CONSIDERAÇÕES FINAIS

O trabalho de Frei Vicente e Antonil, apesar de terem como característica básica à descrição, o diferencial desses dois autores foi a pesquisa feita por ambos antes de escrever suas obras, de terem produzido um discurso onde mostra os principais setores da sociedade, confrontando a realidade de cada um, numa visão critica sobre a realidade brasileira. São obras tratam de assuntos até hoje discutidos. Eles tiveram uma posição de verdadeiros historiadores, mesmo num período em que a historia não tinha o status de ciência. Foi devido a todas essas qualidades, que sofreram a censura da sua época sendo relegado a ela o lugar do esquecimento. Entretanto, não ficaram esquecidas tornando-se uma das fontes mais usadas de todo o período colonial.

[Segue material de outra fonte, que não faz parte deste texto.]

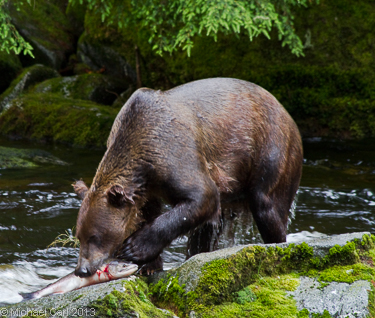A grizzly bear eats a salmon from a Creek in Alaska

A produção desses historiadores nos faz pensar qual seria a identidade de seus trabalhos. Ambos eram religiosos, porém, ninguém contesta a contribuição valiosa que deram a história com seus escritos. Como então identificar trabalhos sendo específicos de História, Sociologia ou Antropologia? As ciências sociais têm fronteiras tênues e por isso elas ajudam-se no sentido de que cada uma contribui de acordo com os objetivos dos trabalhos feitos tanto por historiadores, sociólogos, antropólogos ou de qualquer outra disciplina de área a fim. Portanto, podem-se fazer trabalhos de História com aspectos sociólogos ou antropólogos e vice-versa.

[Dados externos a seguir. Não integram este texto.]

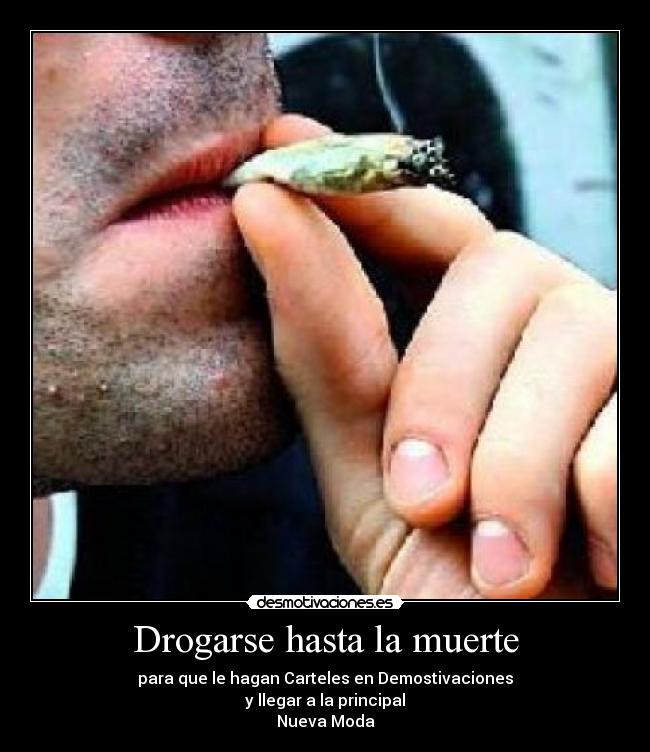Drogarse hasta la muerte -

[1] Aluna do Curso de Historia do S-VII da Faculdade de Filosofia Dom Aureliano Matos – UECE – Limoeiro do Norte da disciplina de Historiografia Brasileira.
[2] CORRÊA, Dora Shellard. Historiadores e Cronistas e a paisagem da Colônia Brasil. In Revista Brasileira de Historia. São Paulo, v. 26, nº 51, p. 63 – 87, 2006.

BIBLIOGRAFIA
CORRÊA, Dora Shellard. Historiadores e Cronistas e a Paisagem da Colônia Brasil. In Revista Brasileira de Historia. São Paulo, v. 26, nº 51, p. 63 – 87, 2006.
IGLÉSIAS, Francisco. Historiadores do Brasil: Capítulos de Historiografia Brasileira. Rio de Janeiro: Nova Fronteira, Belo Horizonte, MG: UFMG, IPEA, 2000.
MOTA, Lourenço Danças (org). Introdução ao Brasil: Um banquete no Trópico. 3ª ed. São Paulo: SENAC, 2001. vol.1.